Work instructions:
In the records below, find the line containing "Exterior - 44930". Output it and every line after it to the end, unchanged, with no pictures.

### Provided data ###

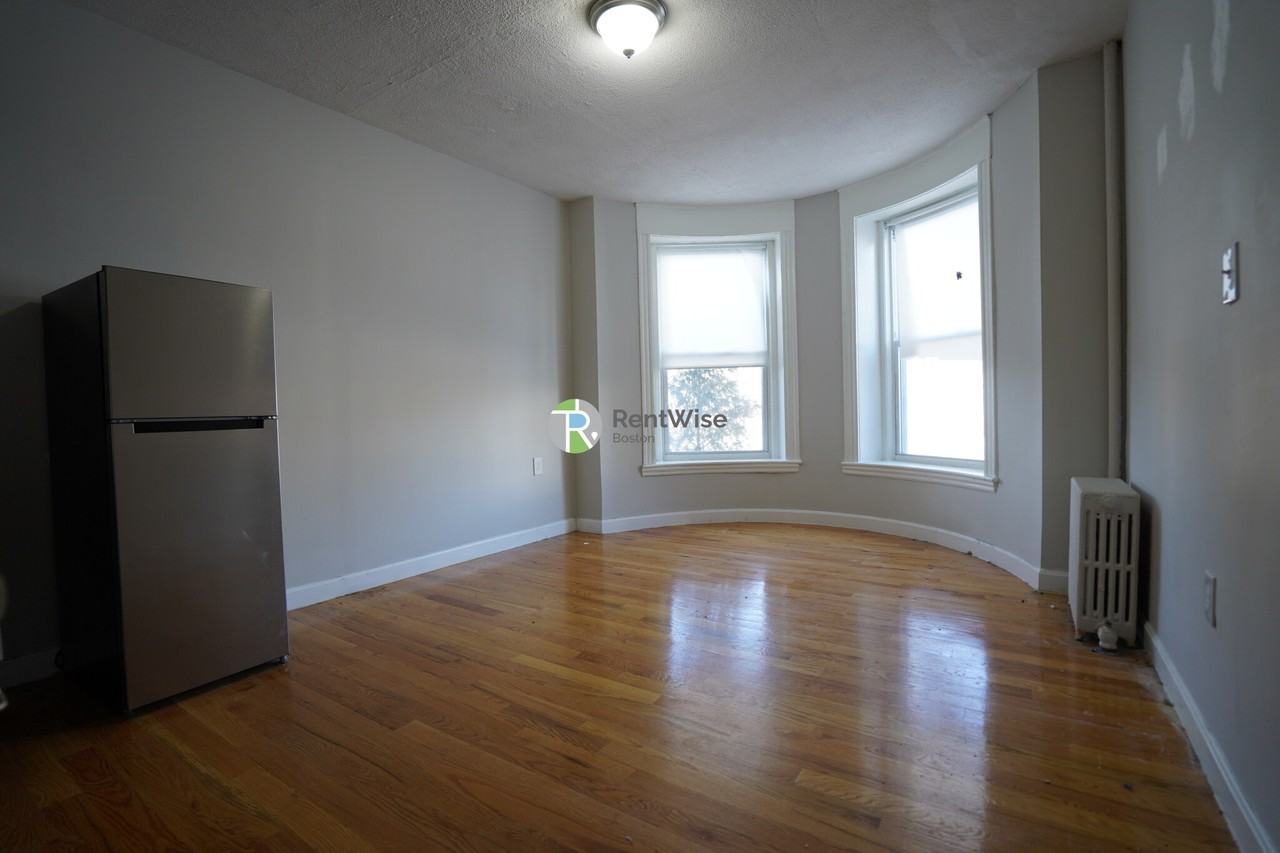 1124 Commonwealth Ave #1 - Photo 2 of 12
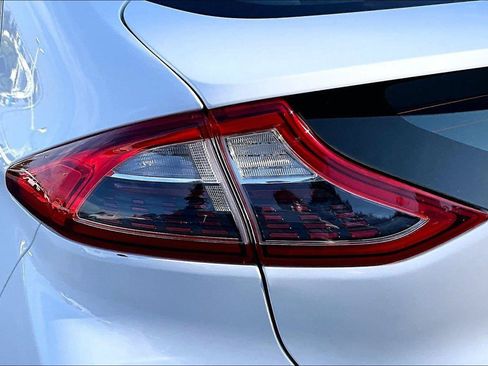 Used 2017 Hyundai Ioniq Limited FWD image 24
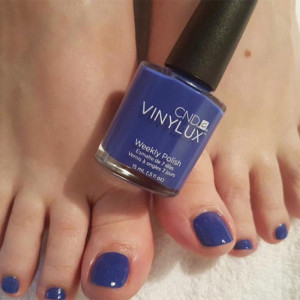 PEDICURE ESTETICO CON APPLICAZIONE SMALTO VINYLUX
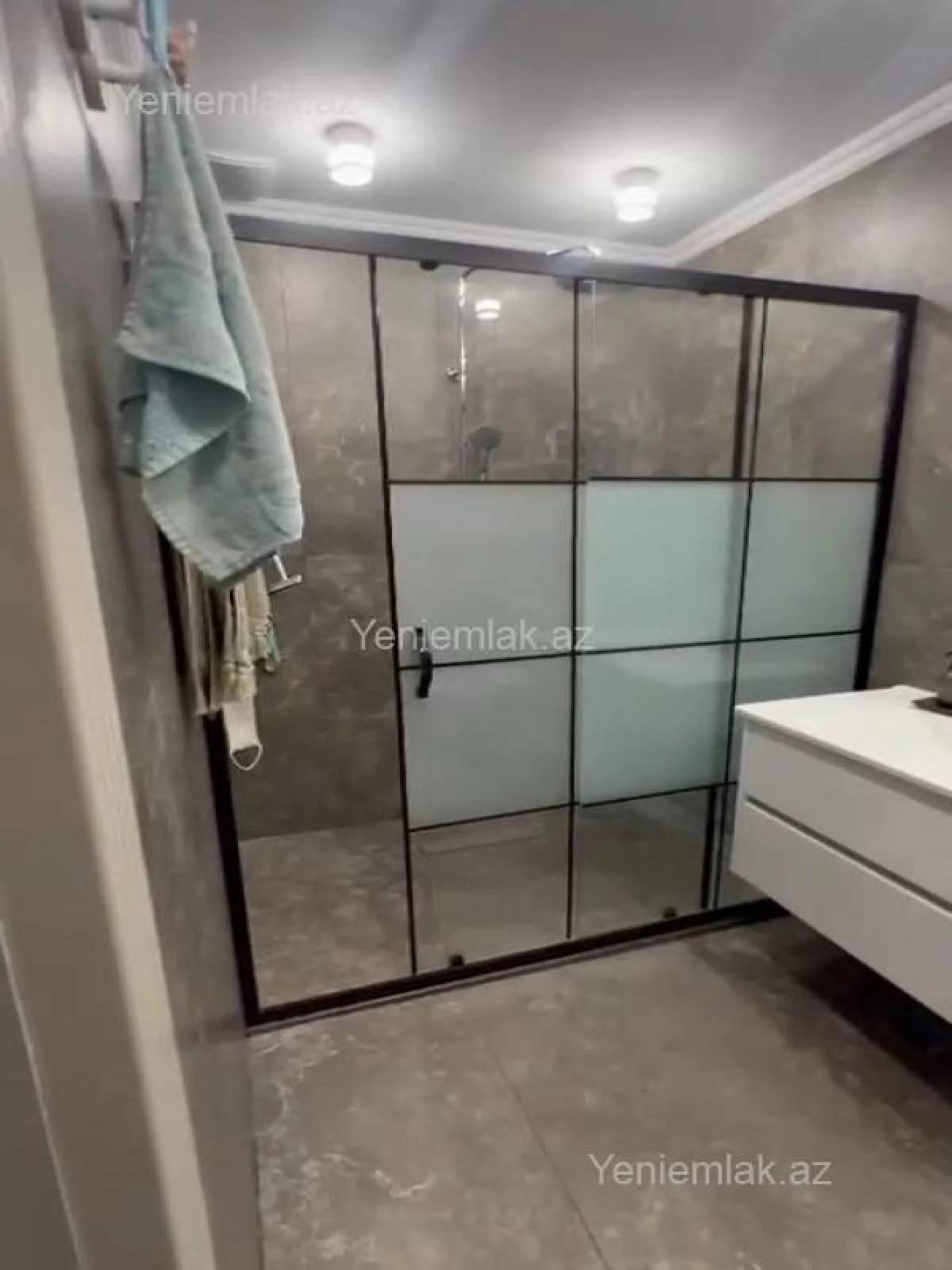 Satılır 4 otaqlı köhnə tikili 120 m²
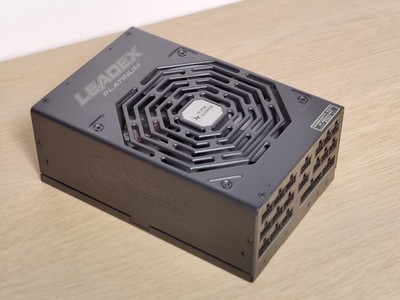 Superflower Leadex Platinum 2000W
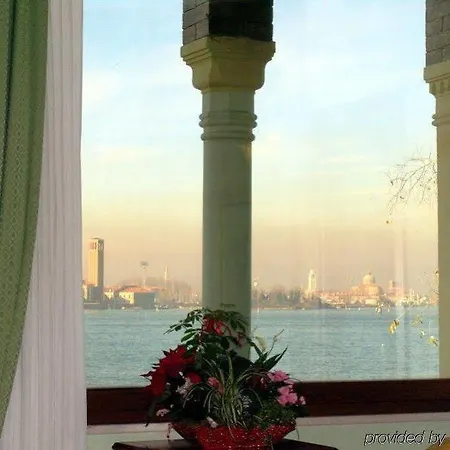 Russo Palace Hotel 4*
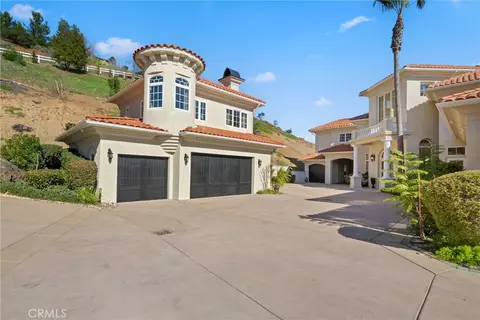 Exterior - 44930 Via Renaissance, Temecula, CA 92590 photo 4 of 13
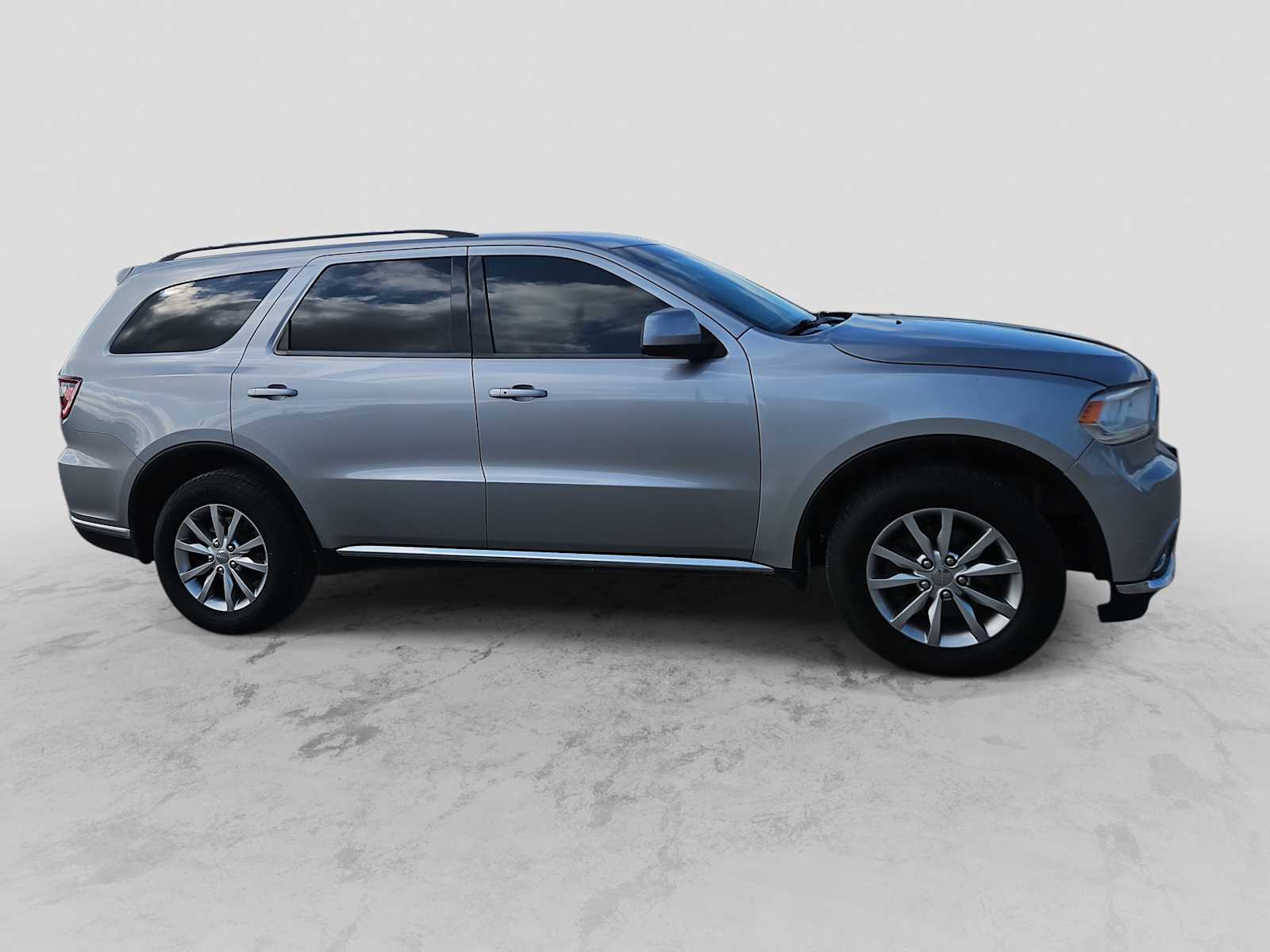 Thumbnail: 2016 Dodge Durango - 9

###

Written answer:
 Exterior - 44930 Via Renaissance, Temecula, CA 92590 photo 4 of 13
 Thumbnail: 2016 Dodge Durango - 9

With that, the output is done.